Congrats, now you have successfully installed ANSYS Workbench!

 

Adapt the ANSYS Fluent mpi_wrapper

Now that your HPC cluster is running and that ANSYS Workbench is installed, you can patch ANSYS Fluent. ANSYS Fluent does not currently support EFA out-of-the-box, so, you need to make a few modifications to get your app running properly.

 

Complete the following steps to make the proper modifications:

 

Open mpirun.fl (an MPI wrapper script) with your preferred text editor:

vim /fsx/ansys_inc/v195/fluent/fluent19.5.0/multiport/mpi_wrapper/bin/mpirun.fl 

 

Comment this line 465:

# For better performance, suggested by Intel
FS_MPIRUN_FLAGS="$FS_MPIRUN_FLAGS -genv I_MPI_ADJUST_REDUCE 2 -genv I_MPI_ADJUST_ALLREDUCE 2 -genv I_MPI_ADJUST_BCAST 1"

 

In addition to that, line 548:

FS_MPIRUN_FLAGS="$FS_MPIRUN_FLAGS -genv LD_PRELOAD $INTEL_ROOT/lib/libmpi_mt.so"

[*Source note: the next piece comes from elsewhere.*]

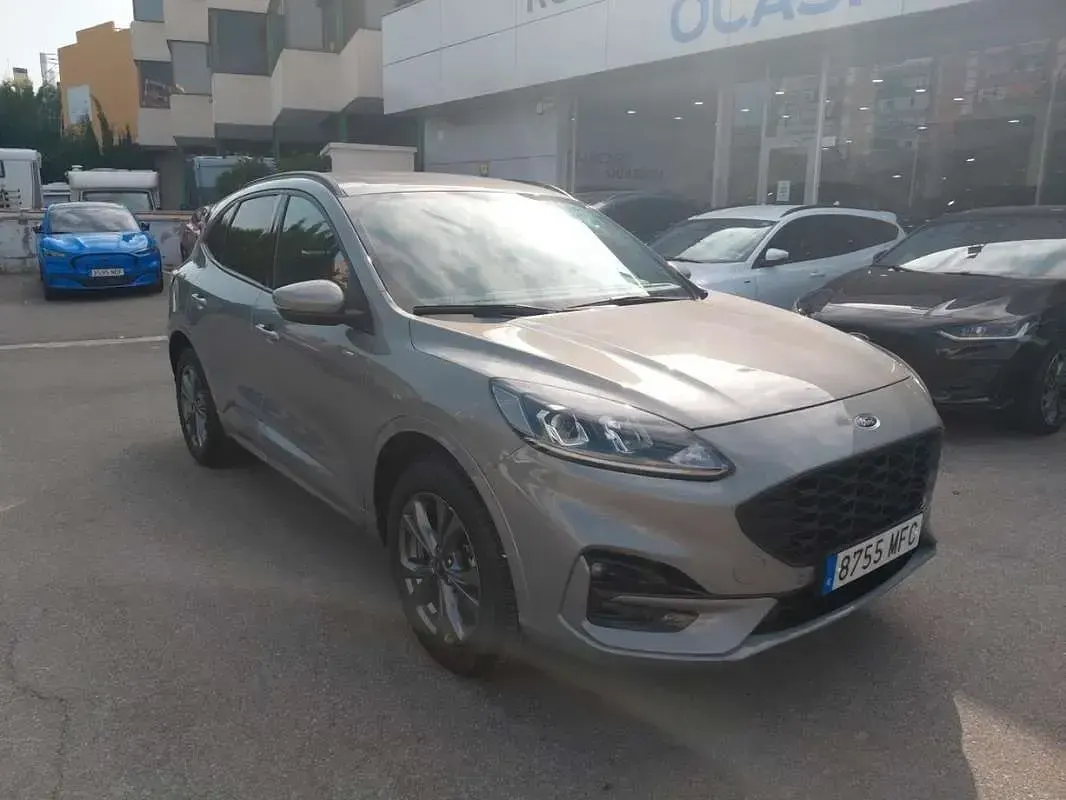 Usado Ford Kuga ST-Line 224 CV (164 kW) 2023 Plateado SUV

should be modified as follows:

FS_MPIRUN_FLAGS="$FS_MPIRUN_FLAGS -genv LD_PRELOAD $INTEL_ROOT/lib/release_mt/libmpi.so"

The library file location and name changed for Intel 2019 Update 5. Fixing this will remove the following error message:

ERROR: ld.so: object '/opt/intel/parallel_studio_xe_2019/compilers_and_libraries_2019/linux/mpi/intel64//lib/libmpi_mt.so' from LD_PR ELOAD cannot be preloaded: ignored

 

I recommend backing-up the MPI wrapper script before any modification:

cp /fsx/ansys_inc/v195/fluent/fluent19.5.0/multiport/mpi_wrapper/bin/mpirun.fl /fsx/ansys_inc/v195/fluent/fluent19.5.0/multiport/mpi_wrapper/bin/mpirun.fl.ORIG

Once these steps are completed, your ANSYS Fluent installation is properly modified to support EFA.

 

Run your first ANSYS Fluent job using EFA

You are almost ready to run your first ANSYS Fluent job using EFA. You can use the same submission script used previously.  Export INTELMPI_ROOT or OPENMPI_ROOT in order to specify the custom MPI library to use.

 

The following script demonstrates this step:

#!/bin/bash

#SBATCH -J Fluent
#SBATCH -o Fluent."%j".out

module load intelmpi
export INTELMPI_ROOT=/opt/intel/compilers_and_libraries_2019.5.281/linux/mpi/intel64/

export [email protected]<your-license-server>
export [email protected]<your-license-server>

basedir="/fsx"
workdir="${basedir}/$(date "+%d-%m-%Y-%H-%M")-${SLURM_NPROCS}-$RANDOM"
mkdir "${workdir}"
cd "${workdir}"
cp "${basedir}/f1_racecar_140m.tar.gz" .
tar xzvf f1_racecar_140m.tar.gz
rm -f f1_racecar_140m.tar.gz
cd bench/fluent/v6/f1_racecar_140m/cas_dat

srun -l /bin/hostname | sort -n | awk '{print $2}' > hostfile
${basedir}/ansys_inc/v194/fluent/bin/fluentbench.pl f1_racecar_140m -t${SLURM_NPROCS} -cnf=hostfile -part=1 -nosyslog -noloadchk -ssh -mpi=intel -cflush

Save this snippet as fluent-run-efa.sh under /fsx and run it as follows:

sbatch -n 2304 /fsx/fluent-run-efa.sh

 

Note1: The number, 2304 cores, is an example, this command will tell AWS ParallelCluster to spin-up 64 C5n.18xlarge. Feel free to change it and run it as you wish.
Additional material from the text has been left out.